But there's been no legal consequences for him for what happened in Godra, which some human rights activists will call a form of a genocide or at the very least a crime against humanity.
But here's the thing politically, 22 years on from what happened.
This much we know, this event has followed Modi in ways that have been damaging to him,
but also in ways that have been to his advantage.
They're damaging because they horrify liberal Indians, they horrify Muslims.
In the West, we can't have a discussion with Modi at length without bringing this up.
And yet domestically, it's important to know.
that there is a fairly large constituency of Hindus
who look at an event like Godra in 2002,
and their takeaway is, this guy, he would keep us safe.
He would do anything to keep us safe.
That is their takeaway from 2002.
Remember, since then, he hasn't lost a major election.
He kept winning in Gujarat again and again as chief minister.
Then in 2014, he tries to become Prime Minister of India,
succeeds. 2019, wins with an even bigger majority, and majorities are extremely rare in a
country like India, which is a parliamentary democracy. And usually, for most of its history,
you've had coalition governments. So whatever happened hasn't really hurt Modi electorally.
Modi becomes Prime Minister of India, as you said in 2014. And so if the old idea of India
that's been on the way out was secular, progressive, liberal,
What would you say is the new idea of India that has emerged in the last decade?
So this is where I think my essay begins to get a little bit controversial.
A lot of people have been tweeting about it and responding to me about it.
It sparked a little bit of a debate.
And I think debate is good.
So I think the new idea of India, in my opinion, Modi's vision of India is a country that prioritizes religion and culture over any notions
secularism and liberalism.
And when I say religion and culture,
I mean specifically Hinduism,
80% of Indians are Hindu,
and also to a degree
Hindu culture or Hindi speaking.
And this vision of Modi's,
it's not just his.
So I call it a new idea of India.
It is also an old idea of India.
I mentioned the RSS earlier,
the Rastria Swaram Seibak Sang.
back in the 1920s, the people who founded the RSS,
they were talking about exactly this.
They were saying that if India were to become independent,
it should be a Hindu nation because a nation like this
would never be a holy land for Christians or Muslims,
and therefore Hindus need a holy land,
and that land should be India.
So the idea that Modi is now bringing to
Frusian is actually a 100-year-old idea from a group that he was part of, that was part of his
foundational thinking and acting and learning, and he is now executing on that very vision.

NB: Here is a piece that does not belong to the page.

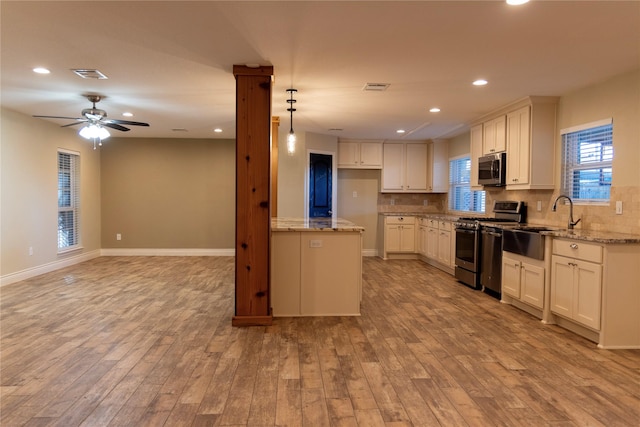 kitchen with appliances with stainless steel finishes, light stone countertops, light hardwood / wood-style floors, white cabinets, and decorative light fixtures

He's executing it in a position and from a position of strength, electoral strength, strength in terms
of his own popularity, and strength finally in terms of where the country's at.

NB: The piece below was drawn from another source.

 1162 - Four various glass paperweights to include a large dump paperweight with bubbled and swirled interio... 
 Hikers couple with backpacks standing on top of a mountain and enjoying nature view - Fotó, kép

And in any country that has a contestation of ideas, a debate about its identity, things evolve, things change, people change.
Sometimes you have an idea whose time isn't right.
Sometimes you have an idea that has just arrived at exactly the moment that people are willing to accept it.
I want to pick up the thread of cultural and religious change in India in a moment.
But first, I actually want to do a quick turn to economics first, because I want to make it clear
when we finally get to the specific record of liberalism or the decline of secular liberalism in India,
that we keep that conversation alongside the fact of India's extraordinary growth under Modi.
So first, give us a sense of the growth of India in the last 10 years.
So in the last decade, India has been growing some years at 7 or 8%, some years a little bit slower,
four or five percent. COVID was obviously a huge bit of noise in the data and the trend lines.
It's very clear, though, that India in general has been the fastest growing large economy
for a better part of the last decade. I think where it gets more complicated is how much of that
has to do with Modi, how much of that has to do with a country that is actually starting from a
very low base and has a lot to catch up with. So GDP per capita in India is roundabout in the
$2,500 a year range.
This is really low.
I mean, China is around about 12,000.
Mexico's around about 12,000.
If you look at some countries that were at the same level as India in 1970s, say South Korea,
well, South Korea is orders of magnitude bigger when you look at average incomes today.
So if you look at that bigger picture Zoom, then it seems like India just has a lot of catching up to do.
And some would argue that no matter what, its fast growth in the last few years,
is something that just was going to happen automatically.
This is market forces, globalization, education, you know, gains from mortality rates,
gains from people living longer, gains from health care advances,
all the kinds of things that many other countries around the world have been through decades ago.
India is going through all of that at the same.
time right now. This isn't to say that Modi's stood in the way. He actually has done a few things
that I think have encouraged growth in the country. He really has embarked on a massive
infrastructure spree. So spending on roads and highways, building train lines, building new airports,
the number of airports has doubled in the last decade. He has heavily invested in electricity
lines, which are up by 45% in the last decade, the construction of toilets, gas connections.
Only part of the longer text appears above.